Directions
Locate "1997年邱淑贞和王晶分手后" in the listing. Transcribe the line that contains it and every line that follows, through the last, omitting all pictures.

Dataset section

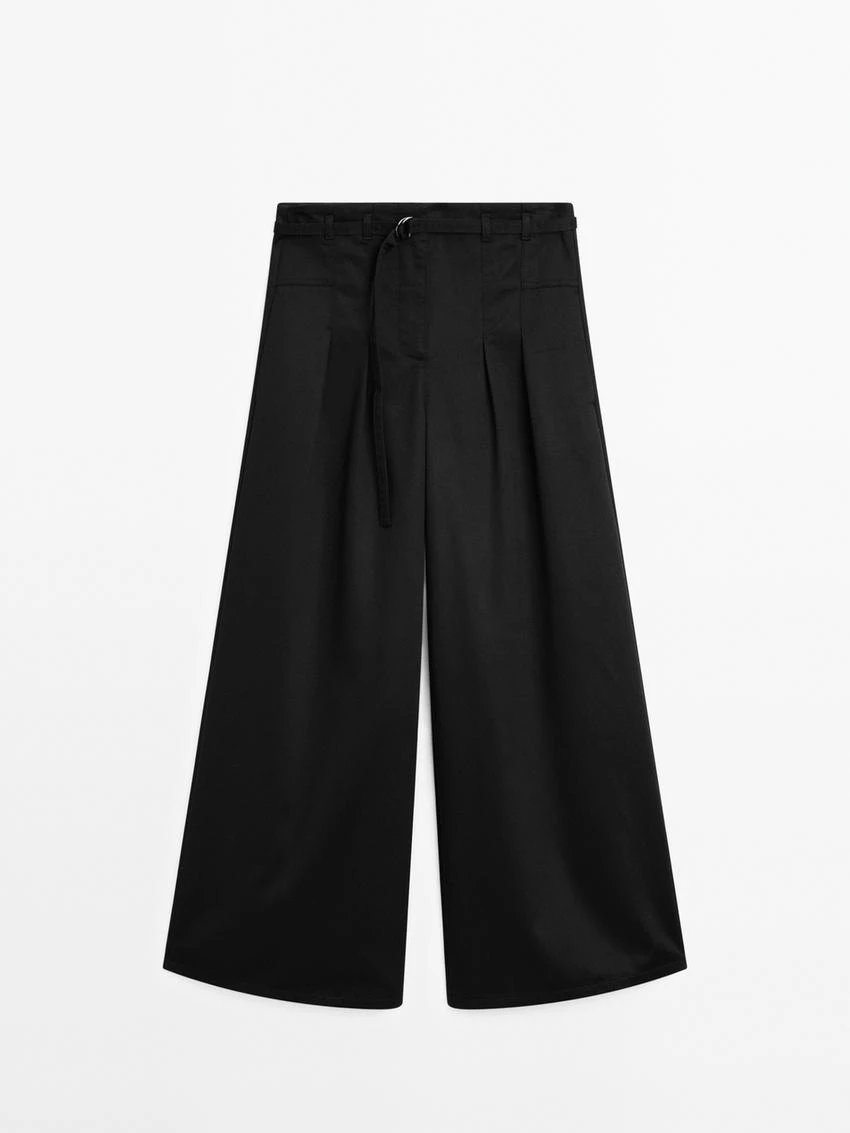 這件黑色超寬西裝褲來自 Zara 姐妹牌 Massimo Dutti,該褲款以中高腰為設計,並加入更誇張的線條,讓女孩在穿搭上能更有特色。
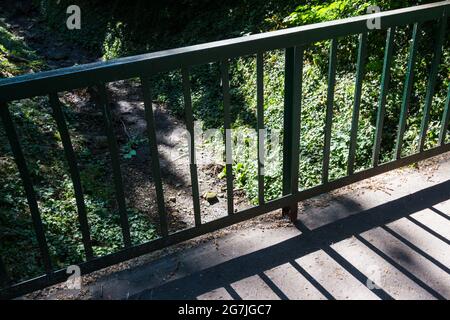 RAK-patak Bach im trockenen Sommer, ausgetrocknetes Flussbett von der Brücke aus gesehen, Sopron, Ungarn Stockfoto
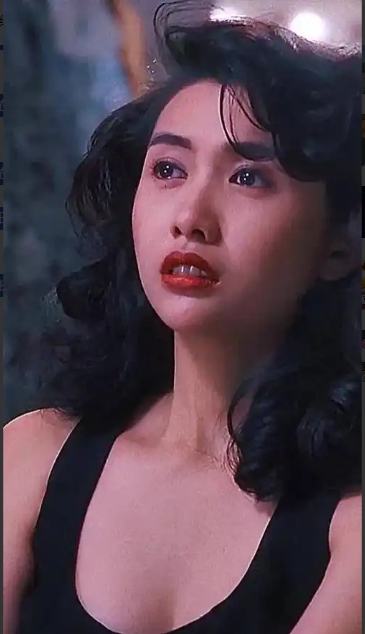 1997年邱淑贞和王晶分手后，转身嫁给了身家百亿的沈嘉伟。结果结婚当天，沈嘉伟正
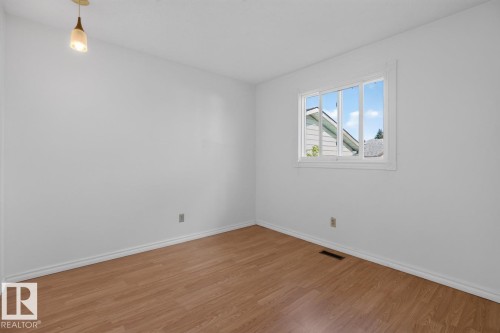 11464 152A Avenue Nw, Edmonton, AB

Finished exercise
 1997年邱淑贞和王晶分手后，转身嫁给了身家百亿的沈嘉伟。结果结婚当天，沈嘉伟正
 11464 152A Avenue Nw, Edmonton, AB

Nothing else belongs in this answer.